There were several non-AI-specific CONSORT-AI items that were relatively poorly reported, including item 10 (who generated allocation sequence / enrolled participants / assigned participants to interventions) at 51%, and item 24 (access to full trial protocol) at 31%. Reporting was also suboptimal around sample size calculation, randomisation methods, reporting harms / unintended effects and trial registration details (Supplementary Data 2).

Journal reporting guideline mandates

Overall, reporting concordance with CONSORT-AI was good regardless of whether journals mandated its use (Table 4). Median CONSORT-AI concordance was higher for RCTs published in journals where CONSORT-AI was mandated (n = 2, 3%), at 100%, versus 90% (IQR 76–94%) for RCTs published in journals that did not mandate CONSORT-AI (n = 63, 97%).

Table 4 RCT CONSORT-AI concordance according to reporting guideline mandates from their journals of publication

RCTs published in journals where CONSORT 2010 was mandated (n = 30, 46%) had a higher overall median CONSORT-AI concordance of 92% (IQR 90–95%), versus 82% (IQR 61–90%) where CONSORT 2010 was not mandated (n = 35, 54%). This is primarily attributable to non-AI-specific item concordance, which had a median of 92% (IQR 90–95%) versus 81% (IQR 57–92%) in CONSORT 2010 mandated versus non-mandated journals, respectively. AI-specific items also showed higher concordance when CONSORT 2010 was mandated, with median 86% (IQR 79–93%) versus 79% (IQR 71–93%).

Discussion

The primary aim of this review was to determine the extent to which published RCTs report according to the CONSORT-AI extension since its publication in September 2020. We found 65 RCTs evaluating AI interventions in a variety of clinical settings and countries. Only 10 RCTs mentioned use of CONSORT-AI and 9 mentioned use of CONSORT 2010. Despite this, concordance with CONSORT-AI was generally high. There remains notable areas of poor reporting, such as stating the AI algorithm’s version, explaining whether or how the AI algorithm could be accessed, and most studies did not report details and availability of the full study protocol. From a journal mandate point of view, only 3 out of 52 journals instructed or recommended use of the CONSORT-AI checklist. It was unsurprising that journal mandates for use of CONSORT-AI were associated with greater concordance with CONSORT-AI reporting items (100% concordance versus 90%). However, we also found that AI RCTs published in journals endorsing CONSORT 2010 were more transparently reported compared to journals endorsing no reporting guidelines – according to CONSORT-AI specific considerations (92% concordance versus 82%). This may point towards a higher level of editorial scrutiny in journals which promote better reporting practices.

We found poor reporting for item 5 (i), regarding the statement of algorithm version used, at a median of only 20%. Lack of reporting on algorithm versioning (or other type of traceable identifier) raises significant concerns when appraising evidence of past and future studies of the same AI intervention.
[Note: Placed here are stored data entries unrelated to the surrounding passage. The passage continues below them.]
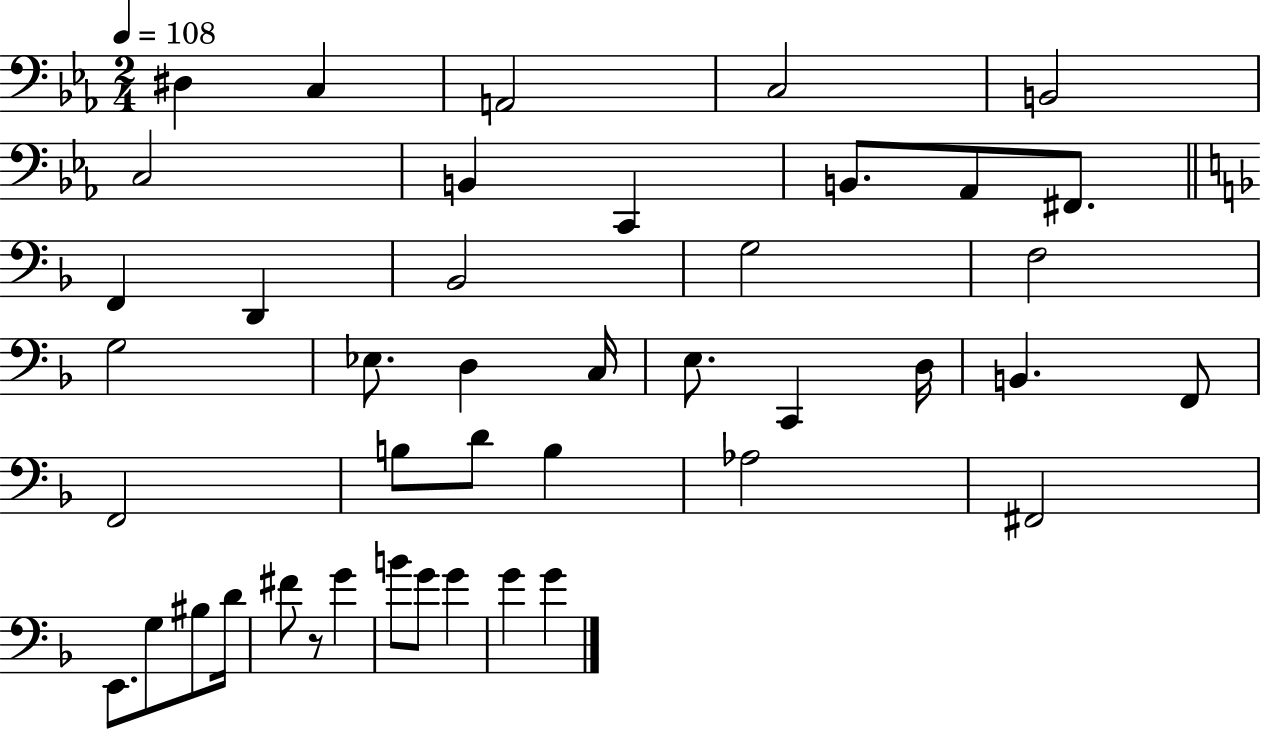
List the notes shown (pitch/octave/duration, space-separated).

D#3/q C3/q A2/h C3/h B2/h C3/h B2/q C2/q B2/e. Ab2/e F#2/e. F2/q D2/q Bb2/h G3/h F3/h G3/h Eb3/e. D3/q C3/s E3/e. C2/q D3/s B2/q. F2/e F2/h B3/e D4/e B3/q Ab3/h F#2/h E2/e. G3/e BIS3/e D4/s F#4/e R/e G4/q B4/e G4/e G4/q G4/q G4/q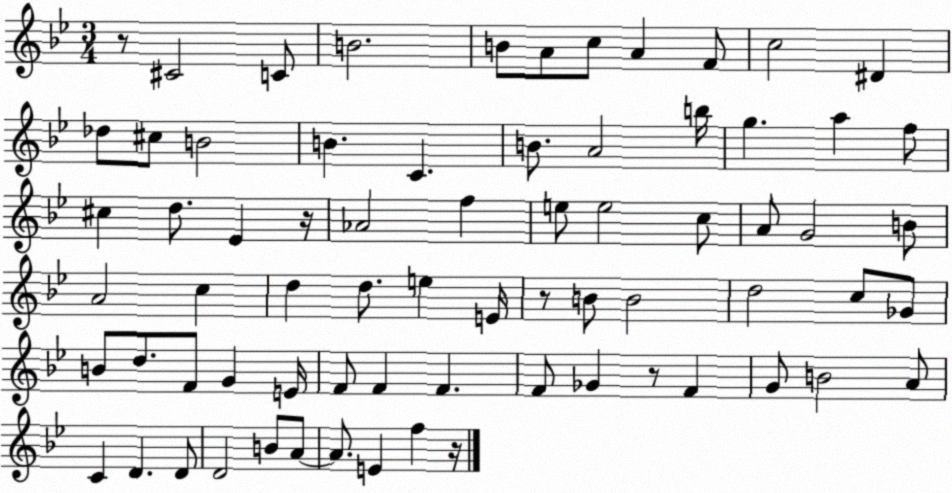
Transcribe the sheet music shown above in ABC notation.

X:1
T:Untitled
M:3/4
L:1/4
K:Bb
z/2 ^C2 C/2 B2 B/2 A/2 c/2 A F/2 c2 ^D _d/2 ^c/2 B2 B C B/2 A2 b/4 g a f/2 ^c d/2 _E z/4 _A2 f e/2 e2 c/2 A/2 G2 B/2 A2 c d d/2 e E/4 z/2 B/2 B2 d2 c/2 _G/2 B/2 d/2 F/2 G E/4 F/2 F F F/2 _G z/2 F G/2 B2 A/2 C D D/2 D2 B/2 A/2 A/2 E f z/4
Without a traceable identifier, significant adjustments and updates (if any) that have been made over the lifetime of the AI intervention cannot be tracked and compared, so comparison between studies becomes difficult. This is becoming more relevant as AI medical devices are coming to market with referenced evaluation evidence published years ago. Stating whether the AI intervention or its code could be accessed (item 25) was also poorly reported, with median concordance of 40%. This may impede the ability of other researchers to achieve independent evaluation and potentially replication of findings, especially when the AI device is not a commercially available product and there is no named manufacturer. The remaining AI-specific CONSORT-AI items with lower concordance were item 4a (ii), regarding inclusion criteria at the level of the input data and item 5 (iii), regarding how poor-quality input data was handled – both important for reproducibility of the intervention in future trials and real-world use. Additionally, relatively few RCTs reported item 19, regarding results of performance error analysis, indicating the exploration of AI errors in an attempt to gain further insight into the nature and cause of AI failures, as well as their consequences, remains non-standard practice.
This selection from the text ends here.